Por fim, ressaltou o trabalho de José Pedro Costa e sua resiliência, a articulação Agenda 21 do Instituto Histórico e Artístico de Paraty desde o começo, associações e poder público, em especial do governo Carlos José Gama Miranda, Cazé, que dedicou firmeza, disposição e investimentos para a concretização desses trabalhos, bem como a dedicação de Cristina Maseda, como secretária de Cultura.

Por razões técnicas, o historiador Diunner Melo não pode participar da roda de conversa, mas, foi exibido um vídeo em que responde ao Flitoral à pergunta – Paraty é nossa cachaça e nossa cachaça é Paraty? Ele respondeu – “A cachaça está extremamente ligada à história de Paraty, inclusive no nome – parati é sinônimo de cachaça.

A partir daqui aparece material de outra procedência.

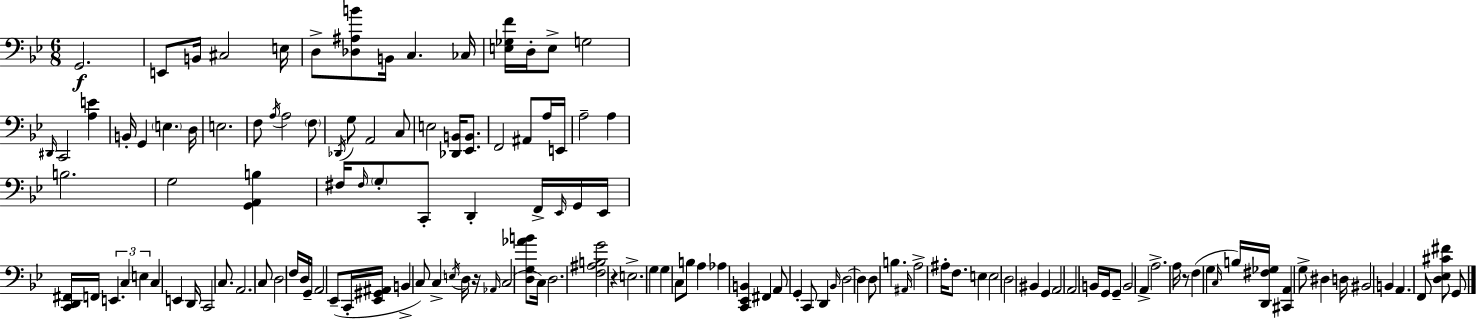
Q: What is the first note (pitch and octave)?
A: G2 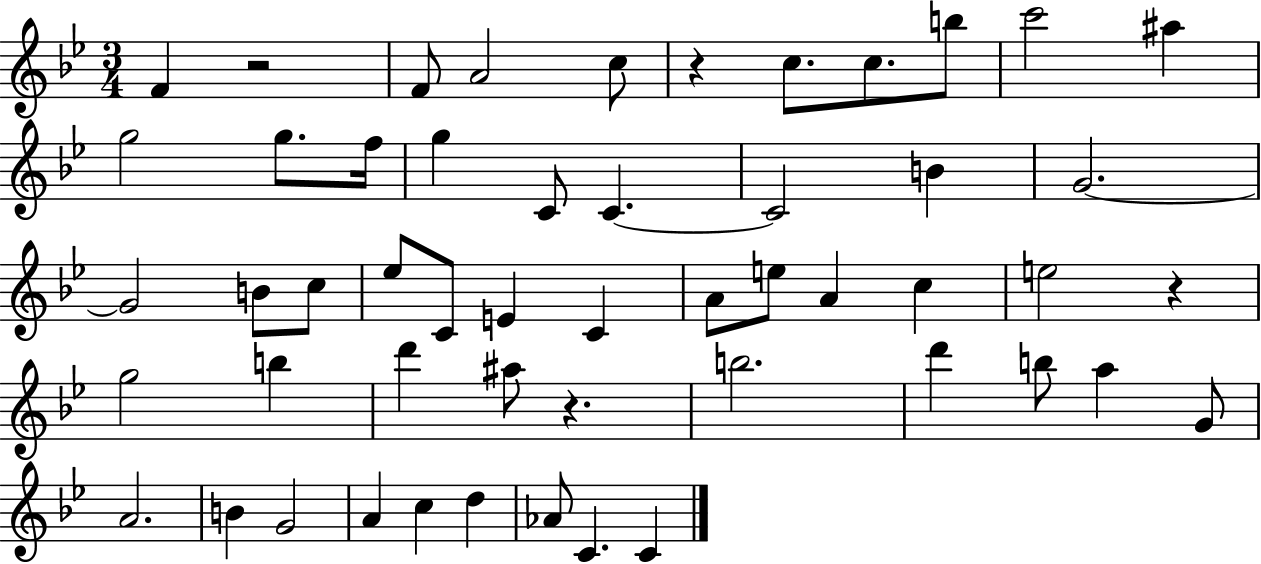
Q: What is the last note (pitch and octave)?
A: C4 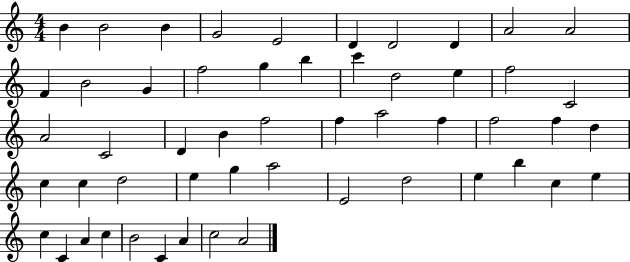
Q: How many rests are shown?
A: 0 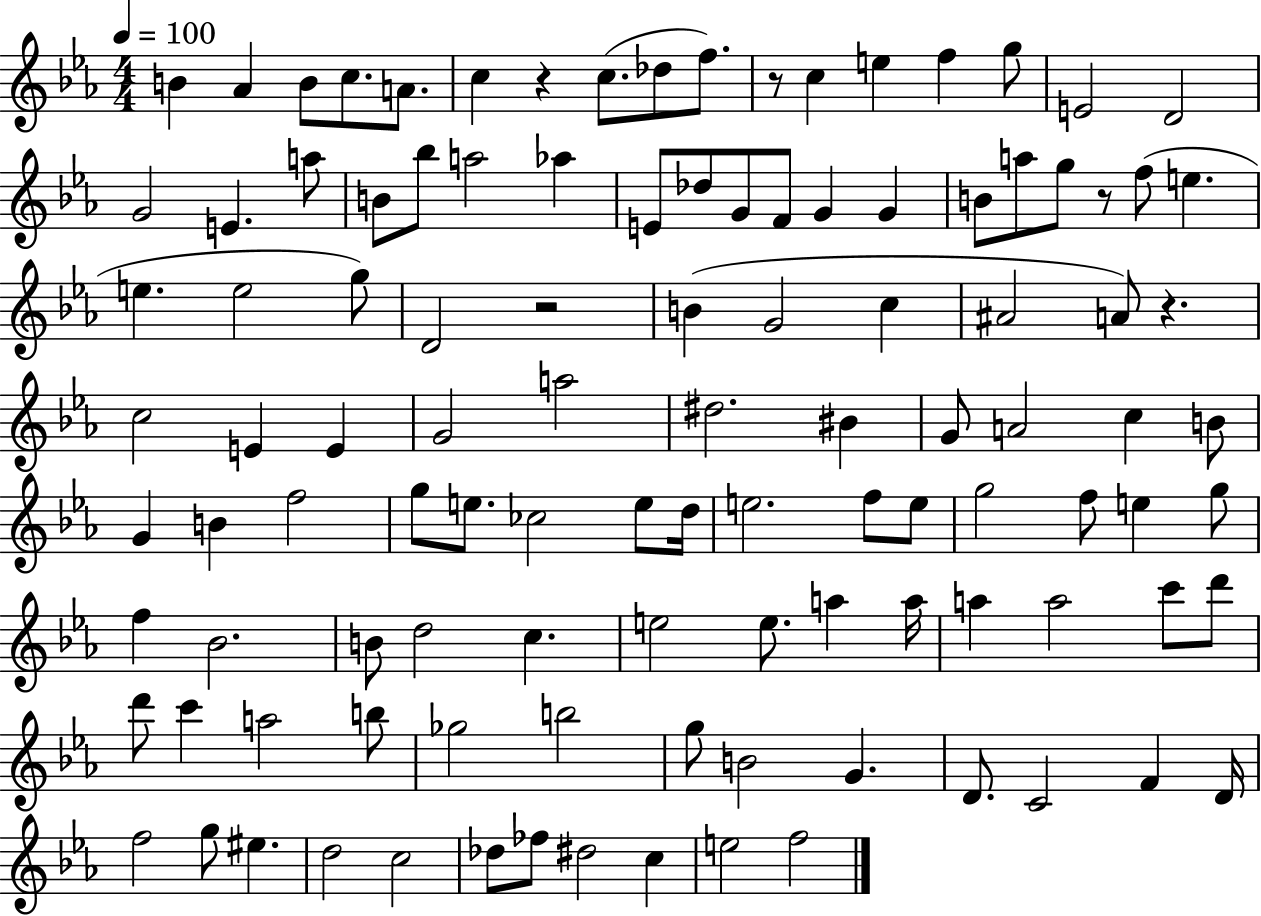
B4/q Ab4/q B4/e C5/e. A4/e. C5/q R/q C5/e. Db5/e F5/e. R/e C5/q E5/q F5/q G5/e E4/h D4/h G4/h E4/q. A5/e B4/e Bb5/e A5/h Ab5/q E4/e Db5/e G4/e F4/e G4/q G4/q B4/e A5/e G5/e R/e F5/e E5/q. E5/q. E5/h G5/e D4/h R/h B4/q G4/h C5/q A#4/h A4/e R/q. C5/h E4/q E4/q G4/h A5/h D#5/h. BIS4/q G4/e A4/h C5/q B4/e G4/q B4/q F5/h G5/e E5/e. CES5/h E5/e D5/s E5/h. F5/e E5/e G5/h F5/e E5/q G5/e F5/q Bb4/h. B4/e D5/h C5/q. E5/h E5/e. A5/q A5/s A5/q A5/h C6/e D6/e D6/e C6/q A5/h B5/e Gb5/h B5/h G5/e B4/h G4/q. D4/e. C4/h F4/q D4/s F5/h G5/e EIS5/q. D5/h C5/h Db5/e FES5/e D#5/h C5/q E5/h F5/h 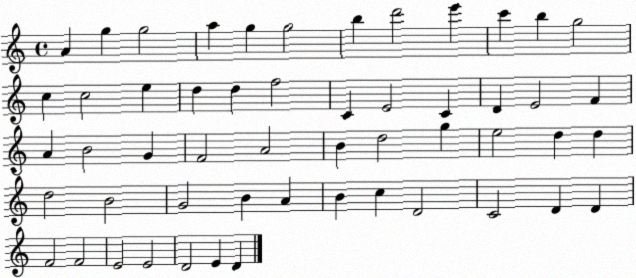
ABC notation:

X:1
T:Untitled
M:4/4
L:1/4
K:C
A g g2 a g g2 b d'2 e' c' b g2 c c2 e d d f2 C E2 C D E2 F A B2 G F2 A2 B d2 g e2 d d d2 B2 G2 B A B c D2 C2 D D F2 F2 E2 E2 D2 E D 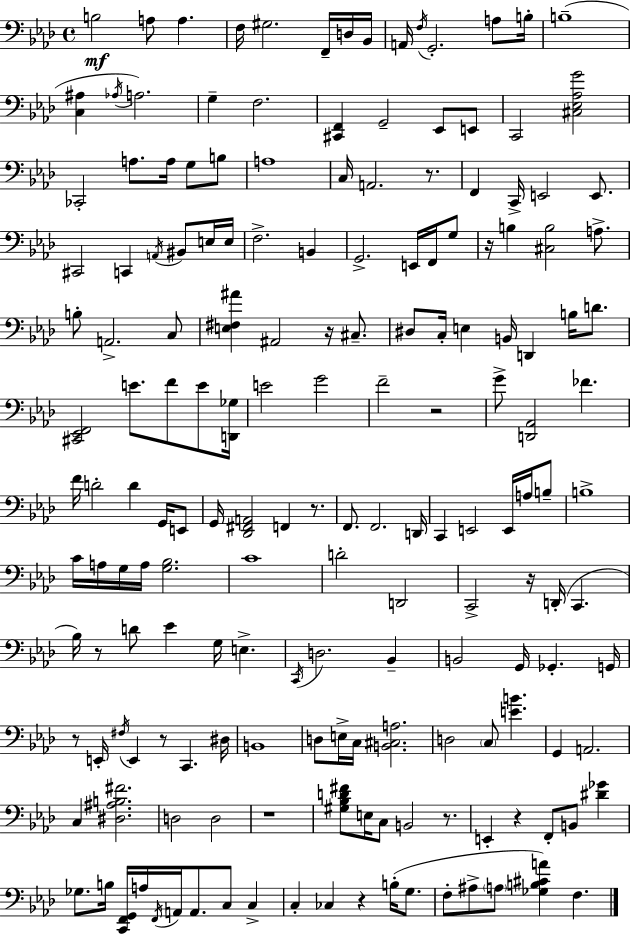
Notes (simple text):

B3/h A3/e A3/q. F3/s G#3/h. F2/s D3/s Bb2/s A2/s F3/s G2/h. A3/e B3/s B3/w [C3,A#3]/q Ab3/s A3/h. G3/q F3/h. [C#2,F2]/q G2/h Eb2/e E2/e C2/h [C#3,Eb3,Ab3,G4]/h CES2/h A3/e. A3/s G3/e B3/e A3/w C3/s A2/h. R/e. F2/q C2/s E2/h E2/e. C#2/h C2/q A2/s BIS2/e E3/s E3/s F3/h. B2/q G2/h. E2/s F2/s G3/e R/s B3/q [C#3,B3]/h A3/e. B3/e A2/h. C3/e [E3,F#3,A#4]/q A#2/h R/s C#3/e. D#3/e C3/s E3/q B2/s D2/q B3/s D4/e. [C#2,Eb2,F2]/h E4/e. F4/e E4/e [D2,Gb3]/s E4/h G4/h F4/h R/h G4/e [D2,Ab2]/h FES4/q. F4/s D4/h D4/q G2/s E2/e G2/s [Db2,F#2,A2]/h F2/q R/e. F2/e. F2/h. D2/s C2/q E2/h E2/s A3/s B3/e B3/w C4/s A3/s G3/s A3/s [G3,Bb3]/h. C4/w D4/h D2/h C2/h R/s D2/s C2/q. Bb3/s R/e D4/e Eb4/q G3/s E3/q. C2/s D3/h. Bb2/q B2/h G2/s Gb2/q. G2/s R/e E2/s F#3/s E2/q R/e C2/q. D#3/s B2/w D3/e E3/s C3/s [B2,C#3,A3]/h. D3/h C3/e [E4,B4]/q. G2/q A2/h. C3/q [D#3,A#3,B3,F#4]/h. D3/h D3/h R/w [G#3,Bb3,D4,F#4]/e E3/s C3/e B2/h R/e. E2/q R/q F2/e B2/e [D#4,Gb4]/q Gb3/e. B3/s [C2,F2,G2]/s A3/s F2/s A2/s A2/e. C3/e C3/q C3/q CES3/q R/q B3/s G3/e. F3/e A#3/e A3/e [Gb3,B3,C#4,A4]/q F3/q. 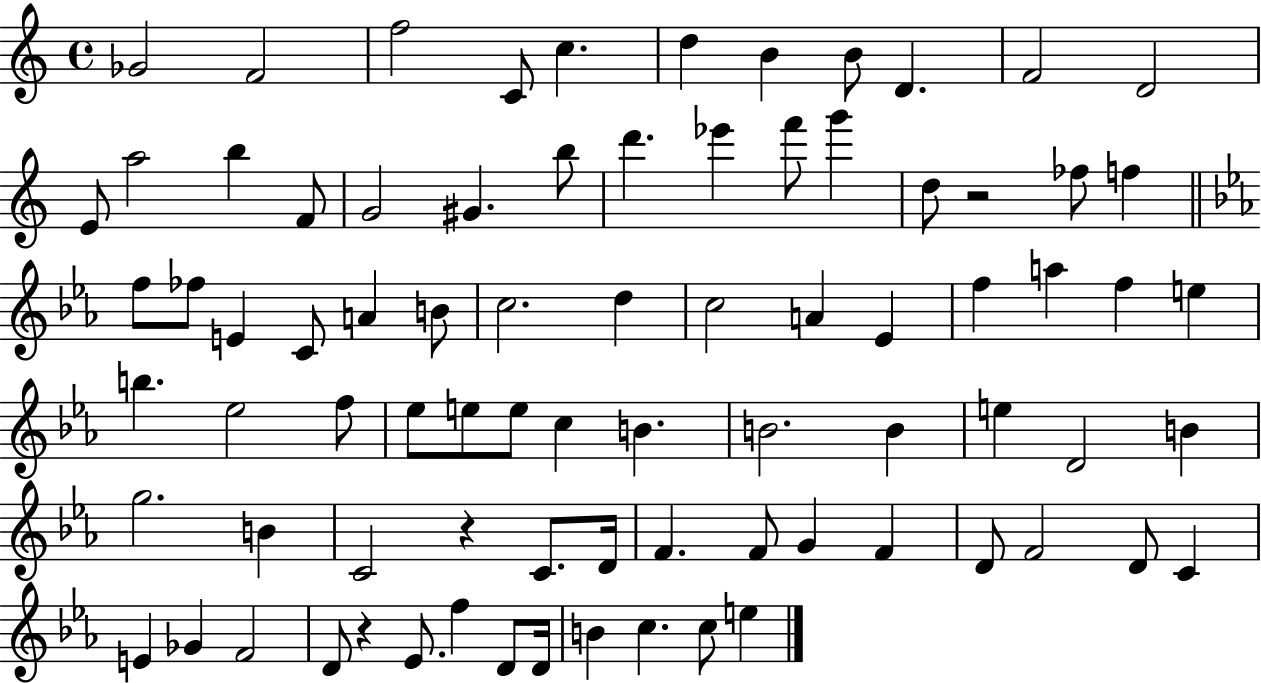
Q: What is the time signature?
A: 4/4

Interessante é que a história de Paraty se mescla e se resolve com o Caminho do Ouro, com a Cachaça e com a Gastronomia, da seguinte forma: são as rotas, os seus caminhos que levam cultura, conhecimento, saberes e fazeres, de um lado para o outro e traz também informações. Então isto resume bem a história de Paraty. Subimos a serra levando cachaça, feijão, farofa de feijão, o queijo do reino das minas, e os costumes, as festas, como a Festa do Divino que lá ficaram, por exemplo em Diamantina, Lavras Novas, o queijo do reino fabricado em Juiz de Fora e Santos Dumont  faz a nossa festa de Natal. Então, esse intercâmbio de cultura, de conhecimentos, de saberes é que faz todos os lugares. É uma miscigenação de conhecimentos e Paraty é Cachaça, é Caminho do Ouro e é comida, da melhor qualidade, que o diga o camarão recheado, que é o melhor camarão, o camarão casadinho, tipicamente nosso; que o diga a caipirinha também, talvez inventada aqui segundo documentos. A cachaça Paraty.”